I'm new to multi-thread programming(actually, i'm not a fresh man in multi-threading, but i always use global data for reading and writing thread, i think it makes my code ugly and slow, i'm eager to improve my skill)
and i'm now developing a forwarder server using c++, for simplify the question, we suppose there are only two threads, a receiving-thread and a sending-thread, and, the stupid design as usual, I have an global std::list for saving data :(
receiving-thread read raw data from server and wirte it into global std::list.
sending-thread read global std::list and send it to several clients.
i use pthread_mutex_lock to sync the global std::list.
the problem is that the performance of forward server is poor, global list locked when receiving-thread is wrting, but at that time, my sending-thread wanna read, so it must waiting, but i think this waiting is useless.
what should i do, i know that global is bad, but, without global, how can i sync these two threads?

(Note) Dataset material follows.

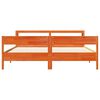 vidaXL Cama sin colch&oacute;n madera maciza de pino marr&oacute;n cera 180x200 cm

i'll keep searching from SO and google.
any suggestions, guides, technology or books will be appreciated. thanks!
EDIT
for any suggestions, i wanna know why or why not, please give me the reason, thanks a lot.
Notes:
Please provide more complete examples: http://sscce.org/
Answers:
Yes, you should synchronize access to shared data.
NOTE: this makes assumptions about std::list implementation - which may or may not apply to your case - but since this assumptions is valid for some implementation you cannot assume your implementation must be thread safe without some explicit guarantee
Consider the snippet:
std::list g_list;
void thread1()
{
while( /*input ok*/ )
{
/*read input*/
g_list.push_back( /*something*/ );
}
}
void thread2()
{
while( /*something*/ )
{
/*pop from list*/
data x = g_list.front();
g_list.pop_front();
}
}
say for example list has 1 element in it
std::list::push_back() must do:
allocate space (many CPU instructions)
copy data into new space (many CPU instructions)

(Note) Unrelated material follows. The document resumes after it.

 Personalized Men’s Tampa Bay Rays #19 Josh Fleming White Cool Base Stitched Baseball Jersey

update previous element (if it exists) to point to new element
set std::list::_size
std::list::pop_front() must do:
free space
update next element to not have previous element
set std::list_size
Now say thread 1 calls push_back() - after checking that there is an element (check on size) - it continues to update this element - but right after this - before it gets a chance to update the element - thread 2 could be running pop_front - and be busy freeing the memory for the first element - which could result then in thread 1 causing a segmentation fault - or even memory corruption. Similarly updates to size could result in push_back winning over pop_front's update - and then you have size 2 when you only have 1 element.
Do not use pthread_* in C++ unless you really know what your doing - use std::thread (c++11) or boost::thread - or wrap pthread_* in a class by yourself - because if you don't consider exceptions you will end up with deadlocks
You cannot get past some form of synchronization in this specific example - but you could optimize synchronization
Don't copy the data itself into and out of the std::list - copy a pointer to the data into and out of the list
Only lock while your actually accessing the std::list - but don't make this mistake:
{
// lock
size_t i = g_list.size();
// unlock
if ( i )
{
// lock
// work with g_list ...
// unlock
}
}
A more appropriate pattern here would be a message queue - you can implement one with a mutex, a list and a condition variable. Here are some implementations you can look at:
http://pocoproject.org/docs/Poco.Notification.html
http://gnodebian.blogspot.com.es/2013/07/a-thread-safe-asynchronous-queue-in-c11.html
http://docs.wxwidgets.org/trunk/classwx_message_queue_3_01_t_01_4.html
google for more
There is also the option of atomic containers, look at:
http://calumgrant.net/atomic/ - not sure if this is backed by actual atomic storage (as opposed to just using synchronization behind an interface)
google for more
You could also go for an asynchronous approach with boost::asio - though your case should be quite fast if done right.